|Carter Murray on Long Branch trail.|
Murray, a senior at Woodson High School and member to Boy Scout Troop 1965, started planning the project in May with his friend Scott Thaxton. They decided to make use of five large piles of gravel left in the woods by the Fairfax County Park Authority for volunteers to use for trail improvements.
The Park Authority has no funding for labor, so a volunteer group of residents, the Friends of Long Branch Stream Valley started laying the gravel on the trail and suggested Murray organize a group to finish the project.
To reach the Eagle level, a Boy Scout has to plan and carry out a project, recruit helpers, create a budget, and obtain supplies.

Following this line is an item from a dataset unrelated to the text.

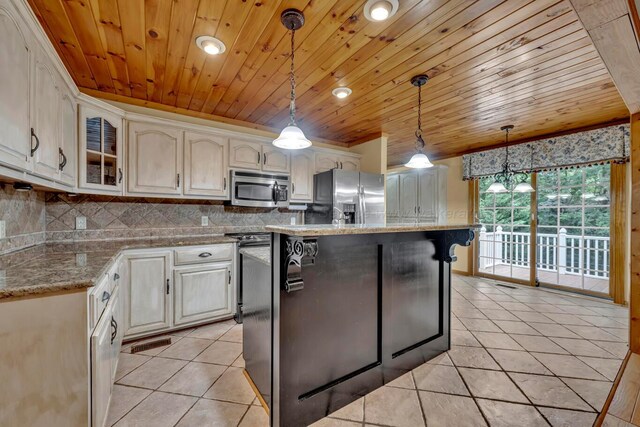 5305 Split Rail Dr, Jasper, AL 35503 - kitchen with appliances with stainless steel finishes, light tile patterned floors, wooden ceiling, glass insert cabinets, and tasteful backsplash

Murray did all that – gathering rakes, shovels, and wheelbarrows – and recruited other Scouts, parents, school friends, and neighbors, about 20 people in all, to work on the trail near where it crosses Woodland Way on Aug. 22. Murray lives in the Bradfield subdivision, so he reached out to the Bradfield Homeowners Association to join the project.
They encountered an obstacle – a ground hornet nest, and several volunteers were stung – so they skipped that part of the trail and moved a bit further down. They repaved sections of the trail, filled in holes that form puddles when it rains, and cleared out a small culvert to improve drainage.
“A lot of Scouts quit after they reach the Eagle level,” Murray says. “I always thought that was the wrong thing to do.” He plans to stay involved with the younger scouts in Troop 1965, which meets at the Lake Braddock Community Center in Burke.
To become an Eagle Scout, Murray still has a lot of work do to. He has to write a reflection on his project and present it to the troop’s adult leadership, complete two of the 21 required badges (in cooking and personal management), give a presentation at an Eagle Court of Honor hosted by the Capital Area Council. After all that, he will take part in his troop’s Eagle Ceremony.